Throughout his six months of battling myelodysplastic syndrome —a form of pre-acute myeloid leukemia associated with Down Syndrome — at UNC Hospitals, William Erkkila often has turned around his bad days by breaking out his dance moves.
“He can’t walk, but he can dance,” said Kaitlin Erkkila, the 2-year-old’s mother.
During the weekend, William showed off his moves at the annual Dance Marathon. The goal: raise money for more children like him.
Using a video stream, the youngster joined more than 2,000 University of North Carolina at Chapel Hill students who pledged to stand for 24 hours during the fundraiser that benefits the patients and families at North Carolina Children’s Hospital.
The Dance Marathon ran from at 7:30 p.m. Friday to 8:00 p.m. Saturday at Fetzer Gymnasium. Participants were required to raise at least $150 and remain on their feet for the entire length of the event through dancing, a sunrise walk and games.
In its 17th year, the marathon is the culmination of a series of events hosted by the Carolina for the Kids Foundation throughout the year including the Kilometers For The Kids run and benefit auction.
But for the foundation, which is the largest student-run fundraising organization in the state, the Dance Marathon is the main charity event.
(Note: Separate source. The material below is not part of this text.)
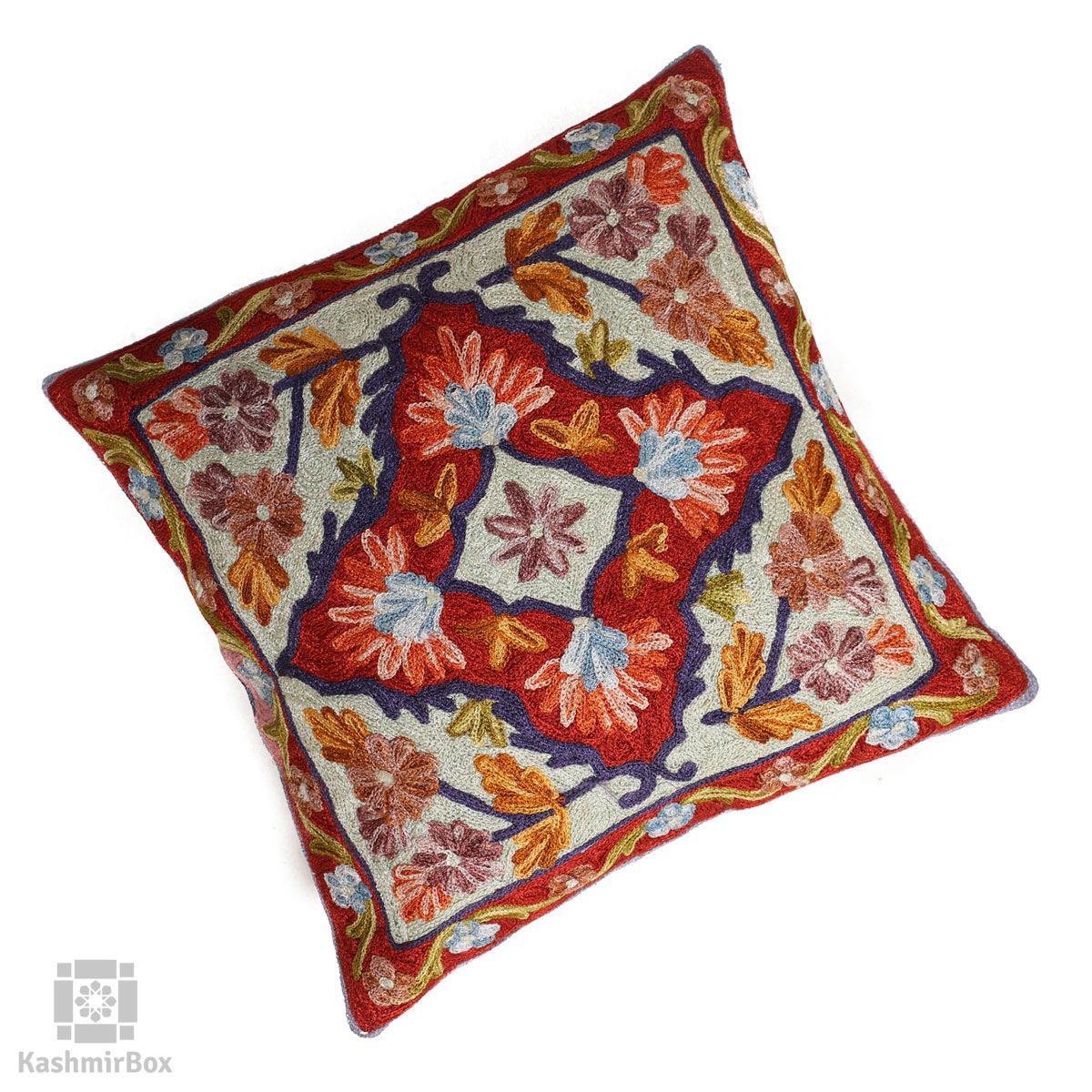 Reddish Creme Flowery Cushion Cover (Set of 3) - Kashmir Box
“A huge amount of our fundraising is from dancers,” said Brendan Leonard, the publicity chair for Carolina for the Kids.
Since the inaugural Dance Marathon in 1999, the foundation has raised $4.28 million, including $551,595 last year. The proceeds go directly to helping the families at the children’s hospital by providing hot meals for parents and helping pay bills. This year, funds are also being directed toward the opening of a pediatric clinic in Chapel Hill.
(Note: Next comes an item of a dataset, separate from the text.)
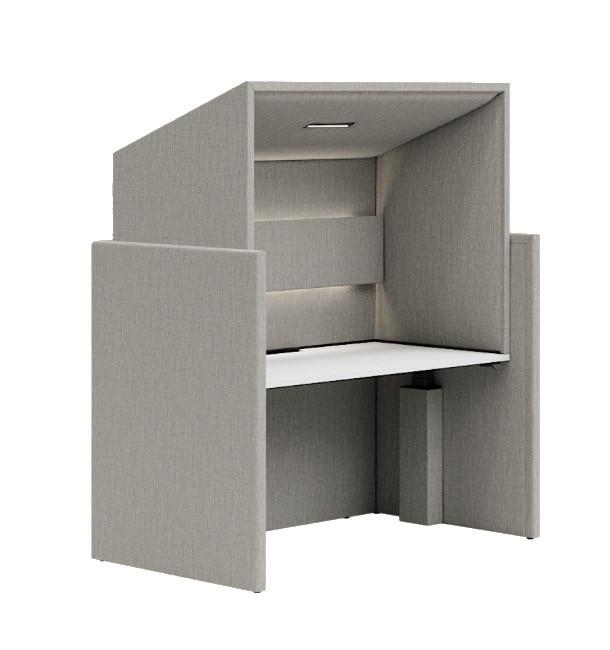 KFI Studios Canopy Height Adjustable Privacy Workstation with Upholstered Base and Laminate Work Surface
The Ellis family from Cary has seen firsthand how the Carolina for the Kids Foundation’s efforts can help families through difficult situations. Clark and Kathy Ellis’ son Jake was born eight weeks premature in 2009 and spent two weeks in the Newborn Critical Care Center. Jake was in and out of the children’s hospital the following three years and needed three surgeries.
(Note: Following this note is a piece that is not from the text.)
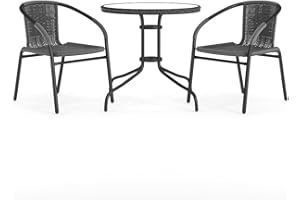 Flash Furniture 3-Piece Patio Dining Set with Round Glass Metal Table and 2 Stackable Rattan Chairs, Indoor/Outdoor Bistro Table and Chairs Set, Gray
“UNC Health Care does a really good job of treating the whole family, not just the patient,” said Clark, who has been involved with the foundation since 2010. “Carolina for the Kids fills in some of the gaps to make it more effective.”
Among the foundation’s primary initiatives is Parents’ Night Out, which provides a hot, healthy meal for the parents at the hospital. Erkkila, who regularly attends Parents’ Night Out, said the meal helps pull parents out of the hospital room to socialize and connect with new people while solving the daily issue of finding time to eat.
“It’s one less thing that you have to worry about and plan for,” Kathy said. “It’s taken care of for you and it makes that day so much easier. You’re in the hospital with your child and all you can think about is their health and their progress and getting better. It’s just so helpful to have the problems solved.”
Carolina for the Kids’ work doesn’t stop at financial support. Volunteers also spend time at the hospital playing with the children — including dancing with William — to help the families through the challenges.
“These children are really struggling,” Erkkila said. “But [the foundation] comes in, they know us by name, it feeds us. They’re tangible. They’re here.
“They care about the kids and they care about what they’re doing. They enjoy the kids and know the families. They know William’s name and it feels like a second family. They’re just remarkable.”